== Supplied entries

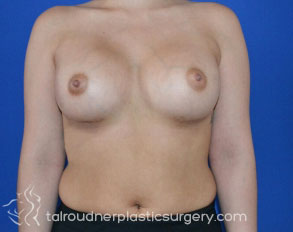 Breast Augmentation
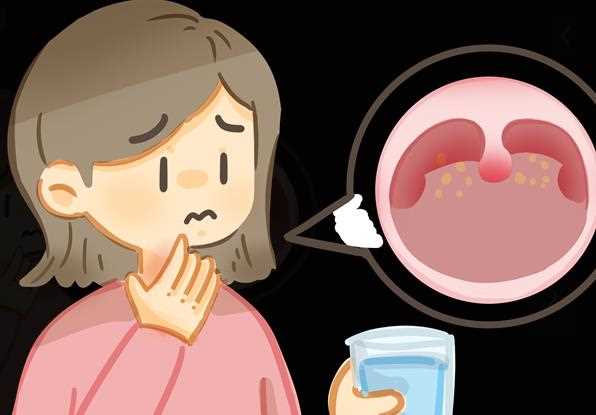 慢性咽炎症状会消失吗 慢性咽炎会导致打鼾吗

====
== Supplied entries

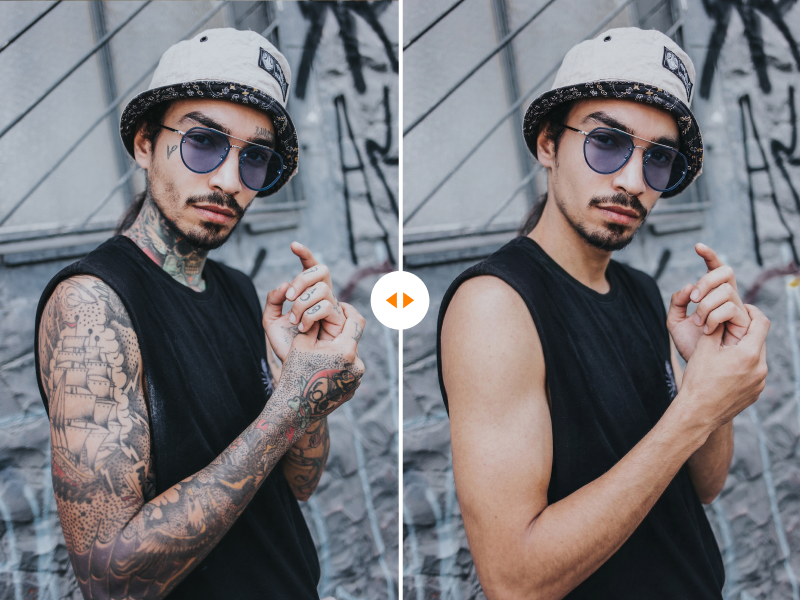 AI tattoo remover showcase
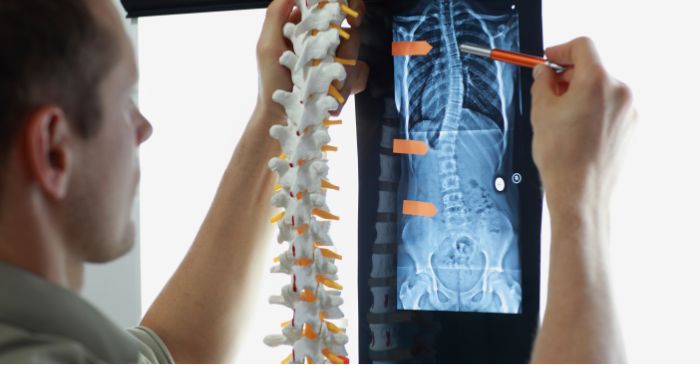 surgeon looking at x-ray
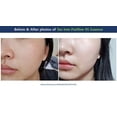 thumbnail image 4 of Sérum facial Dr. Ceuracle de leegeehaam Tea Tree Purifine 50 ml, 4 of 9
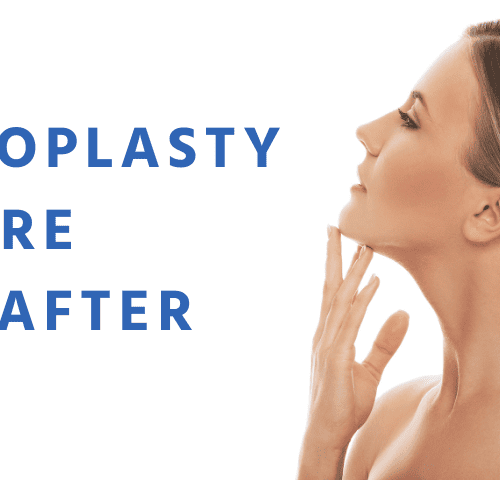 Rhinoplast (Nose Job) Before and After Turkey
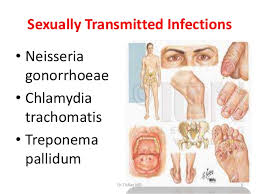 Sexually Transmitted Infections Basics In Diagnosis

====
== Supplied entries

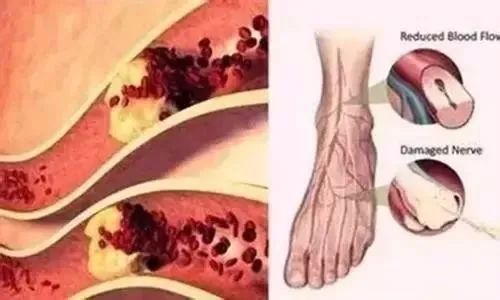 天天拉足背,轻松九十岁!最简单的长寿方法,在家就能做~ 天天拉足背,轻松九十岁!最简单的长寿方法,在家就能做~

====

Task prompt: In the material above, one part opens with the line containing "thumbnail image 4" and closes with the line containing "Sexually Transmitted Infections". Write out that part exactly and skip its pictures.

Response to this task:
 thumbnail image 4 of Sérum facial Dr. Ceuracle de leegeehaam Tea Tree Purifine 50 ml, 4 of 9
 Rhinoplast (Nose Job) Before and After Turkey
 Sexually Transmitted Infections Basics In Diagnosis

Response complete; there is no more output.